Court of Appeal for Ontario
Date: 20210923 Docket: M52509 (C69197)
Before: Strathy C.J.O., Pepall and Pardu JJ.A.
Between: E. Jonas, Applicant (Respondent/Moving Party/Responding Party)
And: K. Akwiwu, Respondent (Appellant/Responding Party/Moving Party)
Counsel: K. Akwiwu, acting in person Edosa Adams-Idode, for the respondent, E. Jonas
Heard: September 16, 2021 by video conference
On appeal from the order of Justice Clayton Conlan of the Superior Court of Justice, dated February 16, 2021, with reasons reported at 2021 ONSC 284 and 2021 ONSC 1187.
Reasons for Decision
[1] The appellant submits that the motion judge erred in determining the effective date for the retroactive variation of a child support order. He submits that the motion judge should have selected an earlier date.
[2] The motion judge found that there had been a material change in circumstances as a result of the appellant’s health challenges and the loss of his job and that a variation was appropriate. The next issue was the effective date of the variation.
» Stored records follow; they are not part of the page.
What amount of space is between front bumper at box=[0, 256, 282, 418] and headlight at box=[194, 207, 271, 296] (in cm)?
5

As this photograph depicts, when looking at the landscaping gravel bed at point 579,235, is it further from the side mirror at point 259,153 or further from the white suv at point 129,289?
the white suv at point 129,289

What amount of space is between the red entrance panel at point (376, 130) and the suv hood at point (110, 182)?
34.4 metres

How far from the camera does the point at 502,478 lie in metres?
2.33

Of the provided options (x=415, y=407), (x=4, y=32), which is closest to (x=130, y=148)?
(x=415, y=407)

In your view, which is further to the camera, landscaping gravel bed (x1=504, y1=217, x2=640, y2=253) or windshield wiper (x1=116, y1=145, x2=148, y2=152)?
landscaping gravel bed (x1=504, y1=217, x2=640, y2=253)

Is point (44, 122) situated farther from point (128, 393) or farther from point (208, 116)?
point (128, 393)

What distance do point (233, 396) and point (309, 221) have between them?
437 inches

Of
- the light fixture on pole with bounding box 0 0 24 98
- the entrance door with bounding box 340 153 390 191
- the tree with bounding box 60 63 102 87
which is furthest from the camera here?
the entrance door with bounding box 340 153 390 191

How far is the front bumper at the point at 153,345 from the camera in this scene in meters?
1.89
[3] The motion judge rejected the appellant’s submission that the effective date should be October 31, 2019, when his former lawyer sent an email to the respondent giving notice that the appellant would be requesting a reduction. Instead, the motion judge determined that the applicable date should be October 1, 2020, the first day of the first month following the motion to change.
[4] The motion judge found that the lawyer’s email provided no evidence of the circumstances warranting a change and that the appellant was responsible for the inordinate delay in bringing the application. The motion judge was plainly aware of and sensitive to the appellant’s health challenges as well as the difficulties arising from the pandemic. However, he found as a fact that the delay was not justified and that it worked to the prejudice of the respondent and the children, who were depending on the enforcement of the accumulated arrears.
[5] On appeal, the appellant seeks to adduce fresh evidence to support his argument that the respondent was adequately informed of his change in circumstances and of his intention to seek a variation. The respondent also seeks to introduce fresh evidence and seeks disclosure from third parties.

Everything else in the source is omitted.